# Directions for this task
Please copy every record below exactly, but leave the pictures out.

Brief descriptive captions
========================================

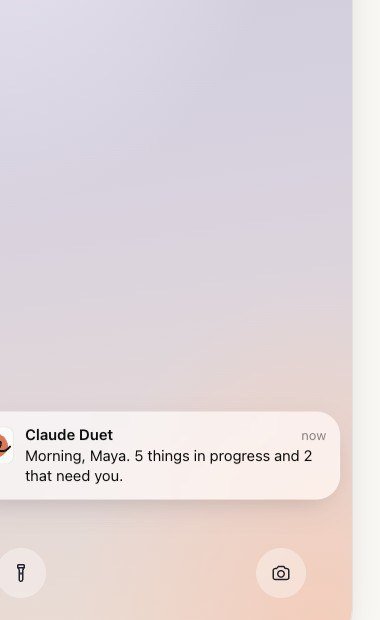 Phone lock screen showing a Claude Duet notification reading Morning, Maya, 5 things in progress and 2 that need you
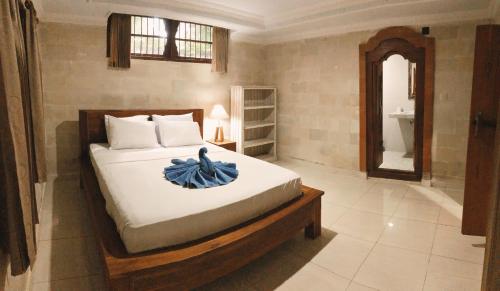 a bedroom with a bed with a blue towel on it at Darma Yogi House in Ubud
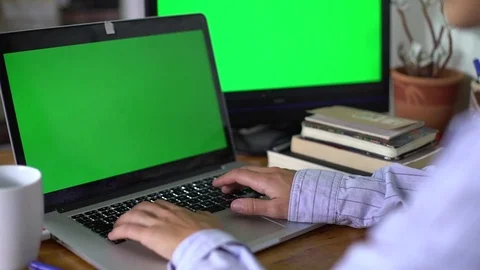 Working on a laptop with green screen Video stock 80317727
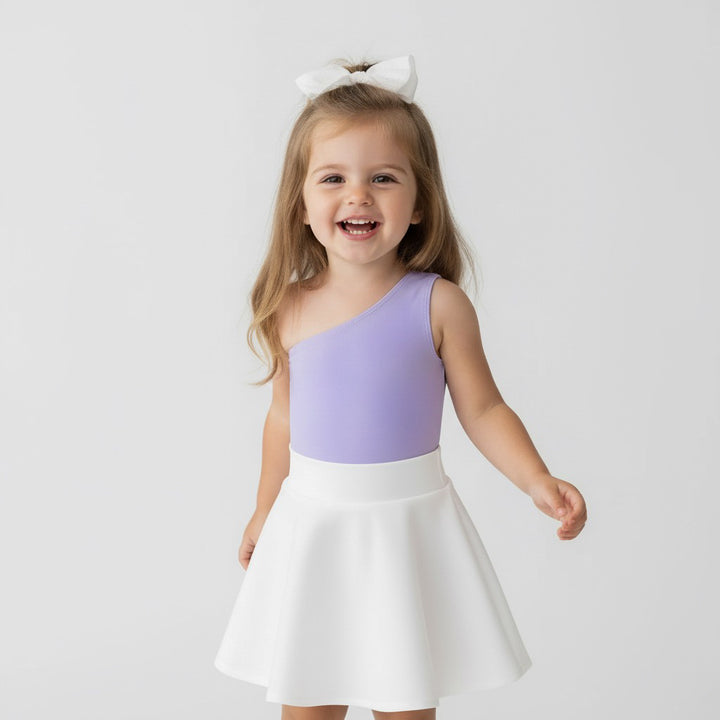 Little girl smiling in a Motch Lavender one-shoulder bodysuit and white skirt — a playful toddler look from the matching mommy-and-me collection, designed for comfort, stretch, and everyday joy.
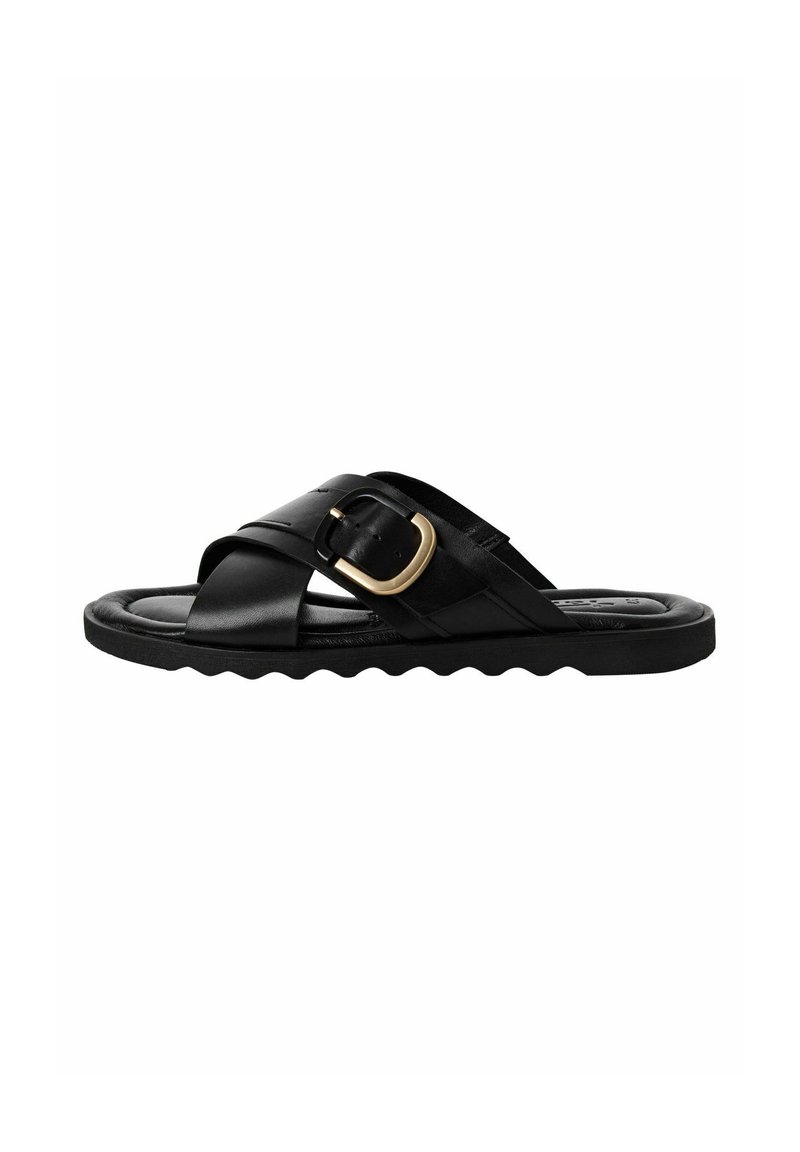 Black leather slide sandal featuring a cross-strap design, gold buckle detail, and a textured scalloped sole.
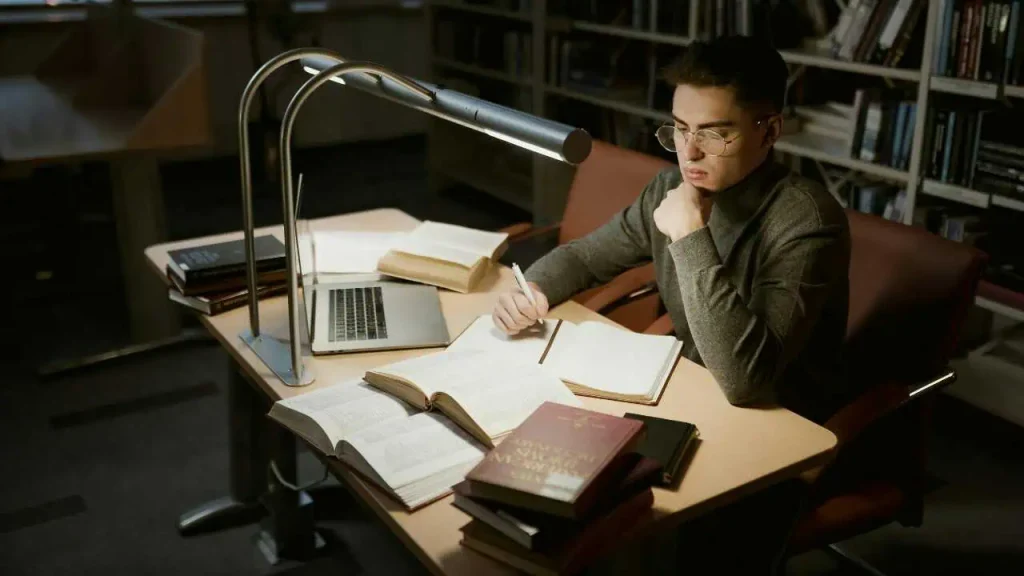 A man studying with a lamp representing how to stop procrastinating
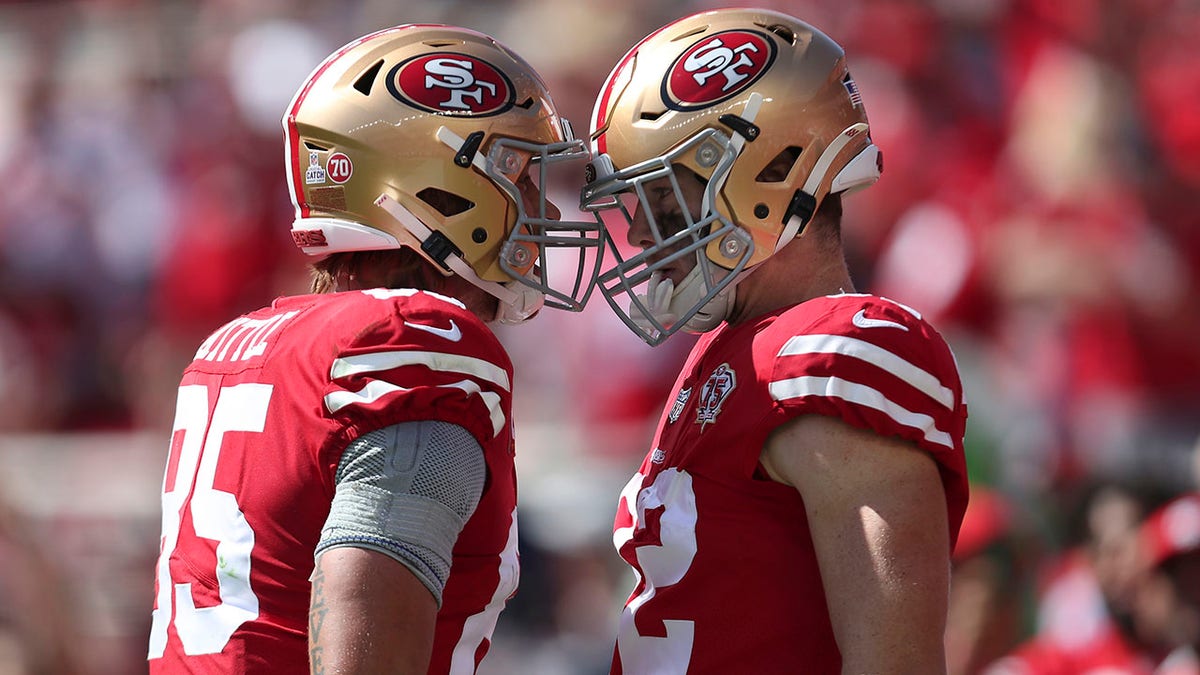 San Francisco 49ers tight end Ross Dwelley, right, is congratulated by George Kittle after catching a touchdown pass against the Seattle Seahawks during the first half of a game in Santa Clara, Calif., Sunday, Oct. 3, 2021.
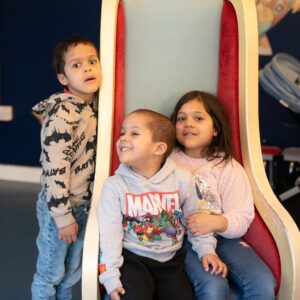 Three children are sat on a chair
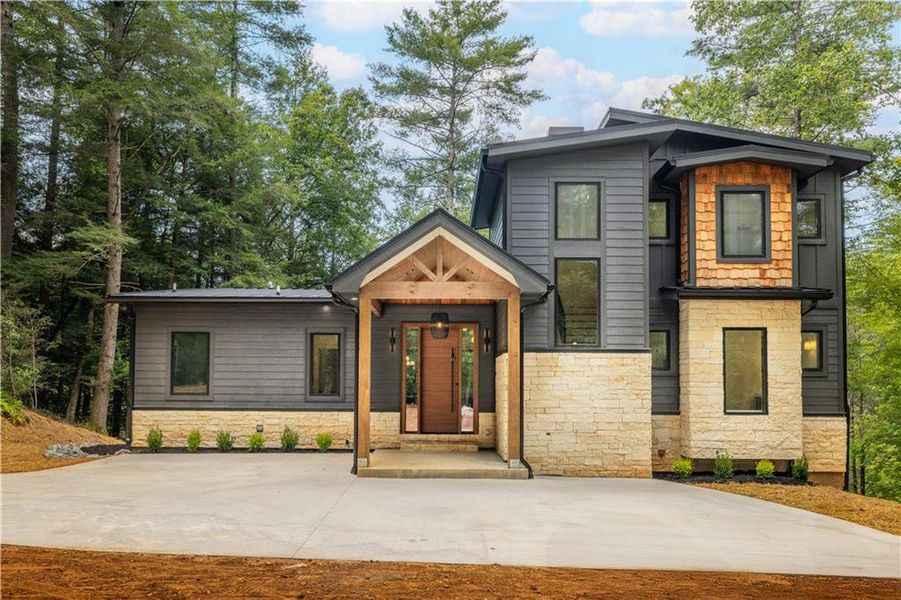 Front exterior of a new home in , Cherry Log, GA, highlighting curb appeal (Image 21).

========================================

# Response area
 Phone lock screen showing a Claude Duet notification reading Morning, Maya, 5 things in progress and 2 that need you
 a bedroom with a bed with a blue towel on it at Darma Yogi House in Ubud
 Working on a laptop with green screen Video stock 80317727
 Little girl smiling in a Motch Lavender one-shoulder bodysuit and white skirt — a playful toddler look from the matching mommy-and-me collection, designed for comfort, stretch, and everyday joy.
 Black leather slide sandal featuring a cross-strap design, gold buckle detail, and a textured scalloped sole.
 A man studying with a lamp representing how to stop procrastinating
 San Francisco 49ers tight end Ross Dwelley, right, is congratulated by George Kittle after catching a touchdown pass against the Seattle Seahawks during the first half of a game in Santa Clara, Calif., Sunday, Oct. 3, 2021.
 Three children are sat on a chair
 Front exterior of a new home in , Cherry Log, GA, highlighting curb appeal (Image 21).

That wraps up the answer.